The Gospel for last Sunday, March 13th was the story of the encounter between Nathanael and Jesus (John 1.43-51). Here is the text including vs. 35-42 which contains the first occurrence of the invitation “come and see.”

John 1.35-51
[35] The next day again John was standing with two of his disciples;
[36] and he looked at Jesus as he walked, and said, “Behold, the Lamb of God!”
[37] The two disciples heard him say this, and they followed Jesus.
[38] Jesus turned, and saw them following, and said to them, “What do you seek?” And they said to him, “Rabbi” (which means Teacher), “where are you staying?”
[39] He said to them, “Come and see.” They came and saw where he was staying; and they stayed with him that day, for it was about the tenth hour.
[40] One of the two who heard John speak, and followed him, was Andrew, Simon Peter’s brother.
[41] He first found his brother Simon, and said to him, “We have found the Messiah” (which means Christ).
[42] He brought him to Jesus. Jesus looked at him, and said, “So you are Simon the son of John? You shall be called Cephas” (which means Peter).
[43] The next day Jesus decided to go to Galilee. And he found Philip and said to him, “Follow me.”
[44] Now Philip was from Beth-sa’ida, the city of Andrew and Peter.
[45] Philip found Nathan’a-el, and said to him, “We have found him of whom Moses in the law and also the prophets wrote, Jesus of Nazareth, the son of Joseph.”
[46] Nathan’a-el said to him, “Can anything good come out of Nazareth?” Philip said to him, “Come and see.”
[47] Jesus saw Nathan’a-el coming to him, and said of him, “Behold, an Israelite indeed, in whom is no guile!”
[48] Nathan’a-el said to him, “How do you know me?” Jesus answered him, “Before Philip called you, when you were under the fig tree, I saw you.”
[49] Nathan’a-el answered him, “Rabbi, you are the Son of God! You are the King of Israel!”
[50] Jesus answered him, “Because I said to you, I saw you under the fig tree, do you believe? You shall see greater things than these.”
[51] And he said to him, “Truly, truly, I say to you, you will see heaven opened, and the angels of God ascending and descending upon the Son of man.”

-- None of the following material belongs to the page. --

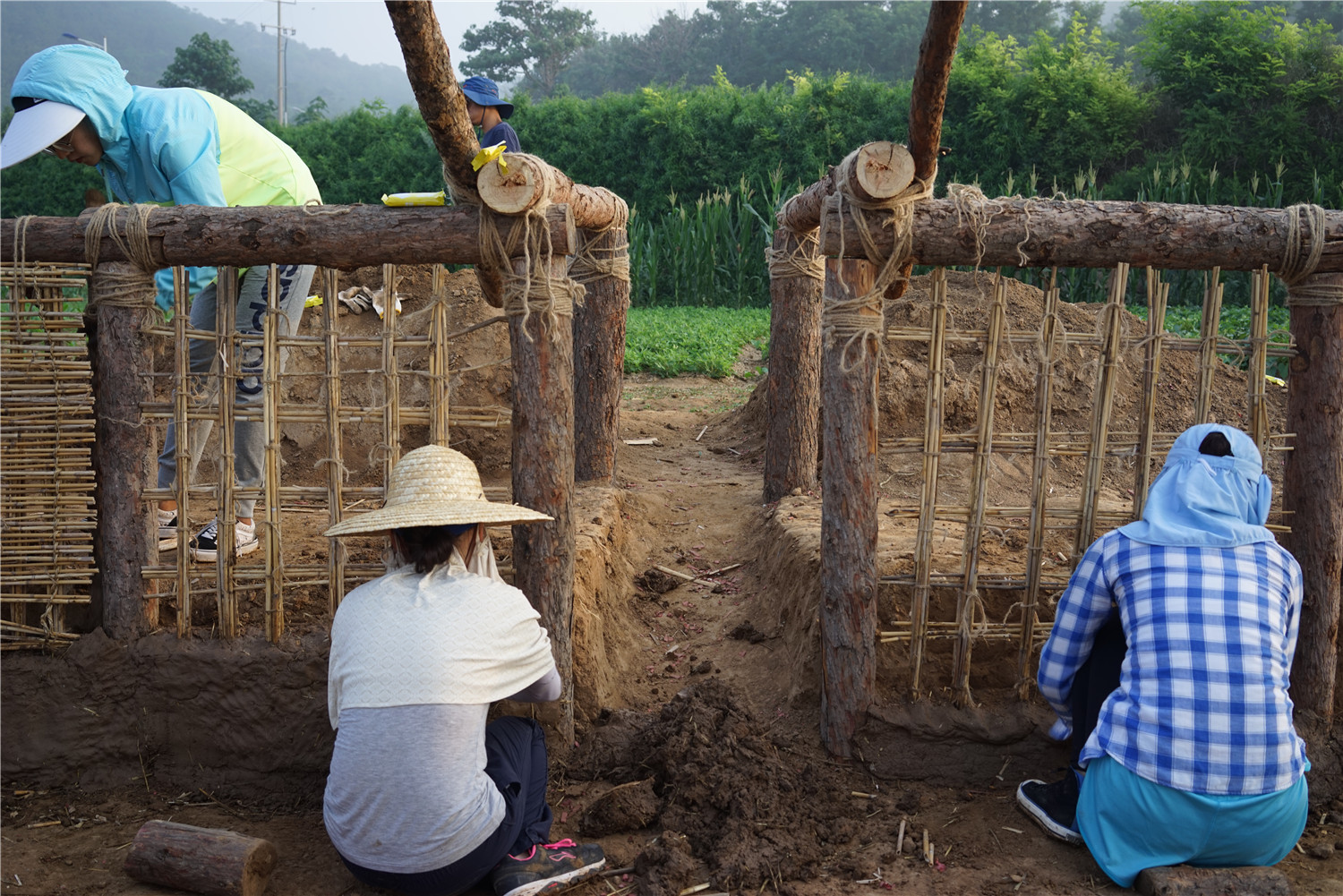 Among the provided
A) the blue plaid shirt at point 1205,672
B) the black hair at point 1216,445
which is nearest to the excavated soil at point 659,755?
the blue plaid shirt at point 1205,672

There is a wonderful homily on this text by Fr. Seraphim Holland that can be found here. A copy of my adaptation of that homily for my own use is available from me upon request.

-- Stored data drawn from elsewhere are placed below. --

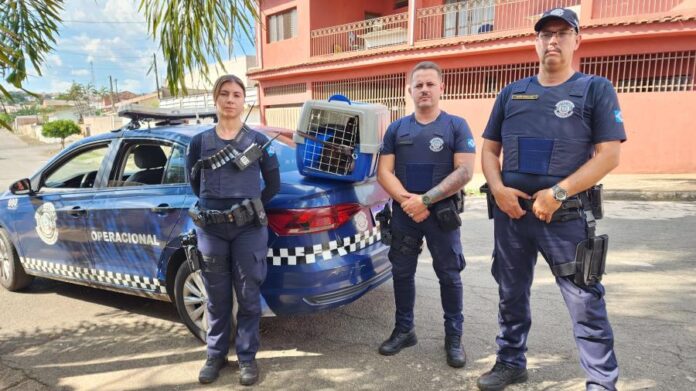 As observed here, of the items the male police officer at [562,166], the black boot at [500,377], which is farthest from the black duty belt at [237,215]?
the black boot at [500,377]

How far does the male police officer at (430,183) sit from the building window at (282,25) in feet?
53.0

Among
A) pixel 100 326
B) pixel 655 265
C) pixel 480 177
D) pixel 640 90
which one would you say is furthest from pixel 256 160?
pixel 640 90

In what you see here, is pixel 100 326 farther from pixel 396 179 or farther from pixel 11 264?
pixel 396 179

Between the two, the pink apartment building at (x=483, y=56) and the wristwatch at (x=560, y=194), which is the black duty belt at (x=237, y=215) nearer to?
the wristwatch at (x=560, y=194)

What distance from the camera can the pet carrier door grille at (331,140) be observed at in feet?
9.17

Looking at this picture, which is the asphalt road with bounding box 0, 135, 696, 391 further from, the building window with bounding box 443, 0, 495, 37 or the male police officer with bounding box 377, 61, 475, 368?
the building window with bounding box 443, 0, 495, 37

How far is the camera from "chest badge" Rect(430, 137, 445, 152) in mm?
2658

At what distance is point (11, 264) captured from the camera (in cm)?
412

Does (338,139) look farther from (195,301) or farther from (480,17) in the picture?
(480,17)

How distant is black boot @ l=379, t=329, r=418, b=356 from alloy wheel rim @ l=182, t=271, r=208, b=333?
1143 millimetres

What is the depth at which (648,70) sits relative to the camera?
10.1m

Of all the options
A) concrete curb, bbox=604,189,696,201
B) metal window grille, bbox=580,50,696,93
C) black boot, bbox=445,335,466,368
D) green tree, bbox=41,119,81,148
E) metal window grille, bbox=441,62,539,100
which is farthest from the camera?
green tree, bbox=41,119,81,148

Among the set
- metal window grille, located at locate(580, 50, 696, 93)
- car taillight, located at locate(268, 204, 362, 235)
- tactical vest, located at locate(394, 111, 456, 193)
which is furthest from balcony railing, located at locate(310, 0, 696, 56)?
car taillight, located at locate(268, 204, 362, 235)

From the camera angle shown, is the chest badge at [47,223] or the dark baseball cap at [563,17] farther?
the chest badge at [47,223] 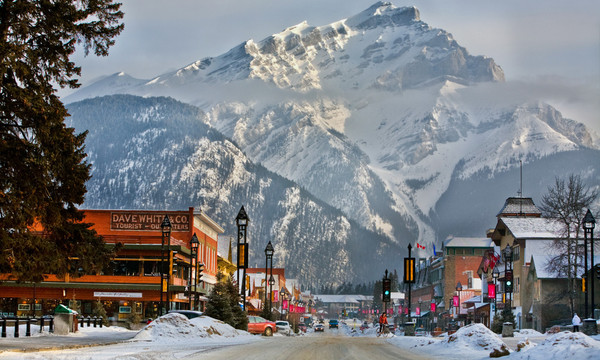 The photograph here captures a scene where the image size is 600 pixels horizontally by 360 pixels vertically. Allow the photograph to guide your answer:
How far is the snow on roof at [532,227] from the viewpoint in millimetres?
100406

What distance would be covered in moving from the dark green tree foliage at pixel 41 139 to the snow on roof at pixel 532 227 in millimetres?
74843

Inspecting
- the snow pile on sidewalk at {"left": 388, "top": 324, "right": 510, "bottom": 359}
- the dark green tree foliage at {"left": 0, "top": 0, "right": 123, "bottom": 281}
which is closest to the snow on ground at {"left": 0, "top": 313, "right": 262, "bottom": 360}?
the dark green tree foliage at {"left": 0, "top": 0, "right": 123, "bottom": 281}

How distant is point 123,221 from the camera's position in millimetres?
104875

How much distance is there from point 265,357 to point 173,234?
74806 mm

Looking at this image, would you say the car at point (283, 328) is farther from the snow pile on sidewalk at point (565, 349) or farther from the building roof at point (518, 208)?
the building roof at point (518, 208)

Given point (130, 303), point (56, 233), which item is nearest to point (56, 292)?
point (130, 303)

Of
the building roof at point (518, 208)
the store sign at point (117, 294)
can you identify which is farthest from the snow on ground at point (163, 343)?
the building roof at point (518, 208)

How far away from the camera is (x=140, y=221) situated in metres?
105

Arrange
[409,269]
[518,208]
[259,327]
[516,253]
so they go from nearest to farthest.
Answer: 1. [409,269]
2. [259,327]
3. [516,253]
4. [518,208]

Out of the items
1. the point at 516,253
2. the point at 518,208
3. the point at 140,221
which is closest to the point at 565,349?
the point at 516,253

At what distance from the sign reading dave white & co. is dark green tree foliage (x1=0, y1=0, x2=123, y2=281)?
70173 mm

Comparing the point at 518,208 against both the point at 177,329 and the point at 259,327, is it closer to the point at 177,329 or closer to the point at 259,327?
the point at 259,327

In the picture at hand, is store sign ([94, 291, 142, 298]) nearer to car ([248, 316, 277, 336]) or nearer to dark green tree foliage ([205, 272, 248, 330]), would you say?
car ([248, 316, 277, 336])

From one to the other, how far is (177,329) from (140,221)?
198 ft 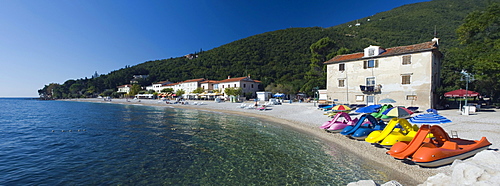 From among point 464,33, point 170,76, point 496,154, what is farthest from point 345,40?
point 496,154

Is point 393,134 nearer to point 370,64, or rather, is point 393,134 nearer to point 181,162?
point 181,162

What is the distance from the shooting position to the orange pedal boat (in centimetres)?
638

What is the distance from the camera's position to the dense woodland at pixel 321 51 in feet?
82.3

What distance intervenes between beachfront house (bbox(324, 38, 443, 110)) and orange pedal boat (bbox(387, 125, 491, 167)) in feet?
58.2

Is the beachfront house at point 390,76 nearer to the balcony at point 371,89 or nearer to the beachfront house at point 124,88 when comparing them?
the balcony at point 371,89

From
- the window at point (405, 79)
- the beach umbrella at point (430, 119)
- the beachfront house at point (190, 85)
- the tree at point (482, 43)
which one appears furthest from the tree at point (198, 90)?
the beach umbrella at point (430, 119)

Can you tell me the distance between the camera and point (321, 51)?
45969 mm

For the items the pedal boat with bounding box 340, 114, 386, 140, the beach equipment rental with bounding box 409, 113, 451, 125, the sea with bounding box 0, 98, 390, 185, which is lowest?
the sea with bounding box 0, 98, 390, 185

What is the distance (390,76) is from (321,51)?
77.2ft

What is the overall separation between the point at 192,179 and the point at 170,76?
3969 inches

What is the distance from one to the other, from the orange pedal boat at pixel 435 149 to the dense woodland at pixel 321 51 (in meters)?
19.9

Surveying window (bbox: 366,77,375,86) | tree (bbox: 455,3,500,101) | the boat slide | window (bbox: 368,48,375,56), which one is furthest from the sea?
tree (bbox: 455,3,500,101)

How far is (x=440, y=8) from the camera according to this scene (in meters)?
92.0

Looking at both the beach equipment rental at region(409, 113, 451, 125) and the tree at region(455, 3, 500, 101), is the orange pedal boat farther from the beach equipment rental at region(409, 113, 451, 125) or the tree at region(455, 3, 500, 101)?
the tree at region(455, 3, 500, 101) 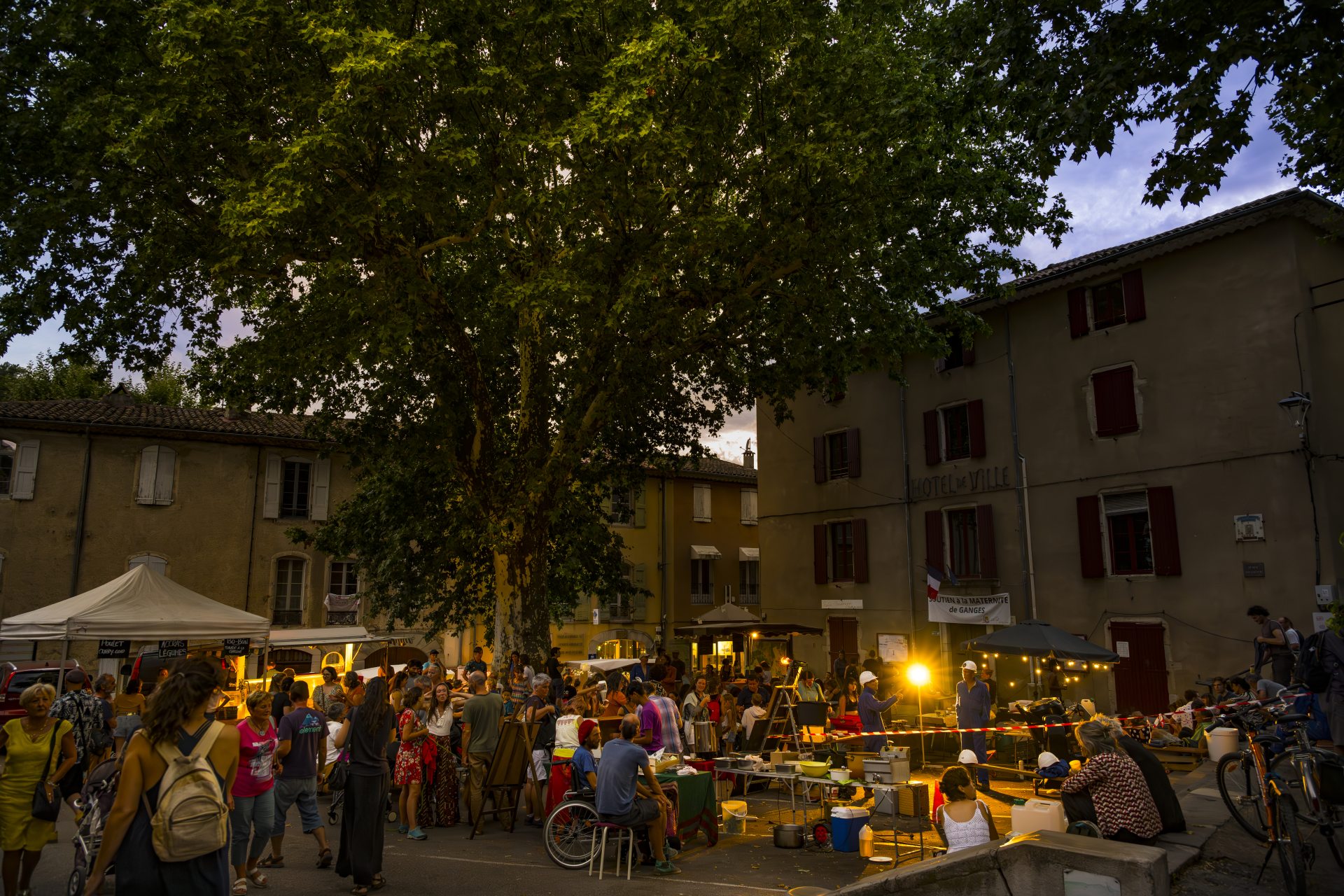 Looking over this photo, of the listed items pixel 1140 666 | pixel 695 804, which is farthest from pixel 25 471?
pixel 1140 666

What can we take away from this passage to apply in our lives during Lent and beyond?

The invitation, “come and see,” was first by Jesus to two disciples of John the Forerunner – Andrew and Philip. This invitation is then repeated by both Andrew and Philip to those who inhabited their everyday life – Simon and Nathanael.

We need to learn and integrate into our life the truth that we have the authority and responsibility to issue the same invitation as Jesus, “come and see,” to those who inhabit our everyday life.

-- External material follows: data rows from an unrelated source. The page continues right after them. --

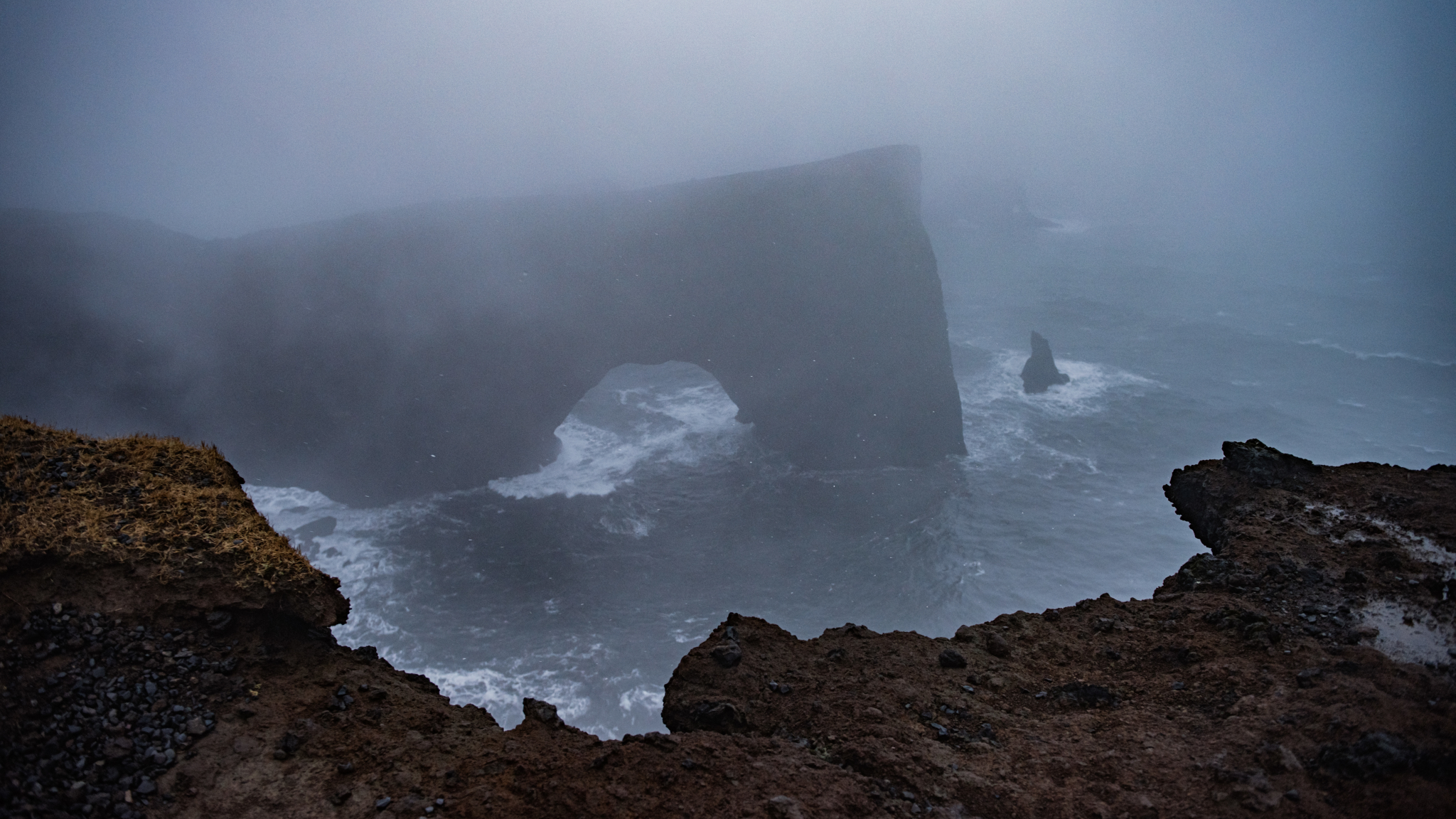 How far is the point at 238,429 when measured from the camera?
47844 millimetres

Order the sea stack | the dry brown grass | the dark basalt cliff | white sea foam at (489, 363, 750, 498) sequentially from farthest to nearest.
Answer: the sea stack, the dark basalt cliff, white sea foam at (489, 363, 750, 498), the dry brown grass

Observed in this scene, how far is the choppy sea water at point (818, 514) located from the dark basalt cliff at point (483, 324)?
153 inches

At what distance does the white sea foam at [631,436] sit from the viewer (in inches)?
1865

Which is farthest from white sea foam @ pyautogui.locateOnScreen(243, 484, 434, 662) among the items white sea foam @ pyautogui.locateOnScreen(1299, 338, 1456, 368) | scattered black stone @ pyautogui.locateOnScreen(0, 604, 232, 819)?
white sea foam @ pyautogui.locateOnScreen(1299, 338, 1456, 368)

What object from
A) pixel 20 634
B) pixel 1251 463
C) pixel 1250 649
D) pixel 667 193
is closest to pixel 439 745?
pixel 20 634

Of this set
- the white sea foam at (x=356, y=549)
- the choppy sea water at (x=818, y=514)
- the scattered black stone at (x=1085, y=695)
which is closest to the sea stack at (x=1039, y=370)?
the choppy sea water at (x=818, y=514)

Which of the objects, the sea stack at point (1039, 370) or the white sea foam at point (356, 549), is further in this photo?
the sea stack at point (1039, 370)

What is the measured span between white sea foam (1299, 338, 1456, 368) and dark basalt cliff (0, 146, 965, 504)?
49.7m

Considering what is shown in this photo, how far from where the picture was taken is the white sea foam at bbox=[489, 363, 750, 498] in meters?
47.4

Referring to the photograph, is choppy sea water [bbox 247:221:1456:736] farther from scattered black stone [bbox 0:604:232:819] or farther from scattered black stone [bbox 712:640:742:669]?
scattered black stone [bbox 0:604:232:819]

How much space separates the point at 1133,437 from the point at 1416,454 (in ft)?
69.4

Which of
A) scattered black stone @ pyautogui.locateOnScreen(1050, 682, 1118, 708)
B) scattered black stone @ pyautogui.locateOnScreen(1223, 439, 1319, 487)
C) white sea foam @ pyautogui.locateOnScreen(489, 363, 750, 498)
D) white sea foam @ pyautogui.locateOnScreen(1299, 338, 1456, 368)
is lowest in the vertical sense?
scattered black stone @ pyautogui.locateOnScreen(1050, 682, 1118, 708)

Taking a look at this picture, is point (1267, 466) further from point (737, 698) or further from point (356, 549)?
point (356, 549)

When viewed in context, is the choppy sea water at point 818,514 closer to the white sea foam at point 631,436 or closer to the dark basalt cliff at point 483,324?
the white sea foam at point 631,436
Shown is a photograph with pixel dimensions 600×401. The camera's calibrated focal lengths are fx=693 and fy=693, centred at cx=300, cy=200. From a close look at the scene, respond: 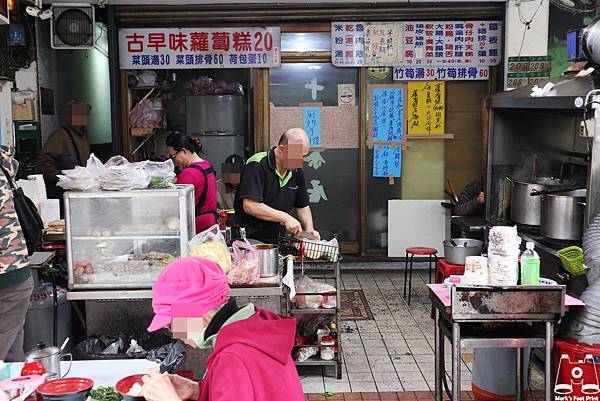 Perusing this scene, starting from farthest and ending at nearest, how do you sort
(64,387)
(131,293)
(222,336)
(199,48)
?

But with that invitation comes the challenge to offer a real encounter with the living Christ!! What does that require?! Change. Our lives must be changed just like Andrew’s and Philip’s were, so Christ Jesus can make His direct appeal (encounter) through us to the “Simon(s)” and “Nathanael(s)” of our daily life. The Good News is that things, circumstances, and people CAN change. There IS hope. That hope for others begins with us — our initial and ongoing change (transformation).

Let me leave you with some challenging questions that I have been asking myself as a result of letting this Gospel story touch me:

• Are you willing to accept a deeper (more mature) way of living your new life in Christ Jesus? Are you willing to change?
• Are you willing to place into the hands of Christ Jesus your “Nazareth” of impossibility and hopelessness like Nathanael?
• Are you willing to give up your answer to the “Nazareth dilemma” or your way of responding to it and receive the one offered by Christ Jesus?
• Are you willing to conceive of the possibility that “good things can come out of Nazareth?” Are you willing to see Christ Jesus step out of your Nazareth, walk toward you and touch you and others in ways that are beyond what you could ever ask or imagine?!!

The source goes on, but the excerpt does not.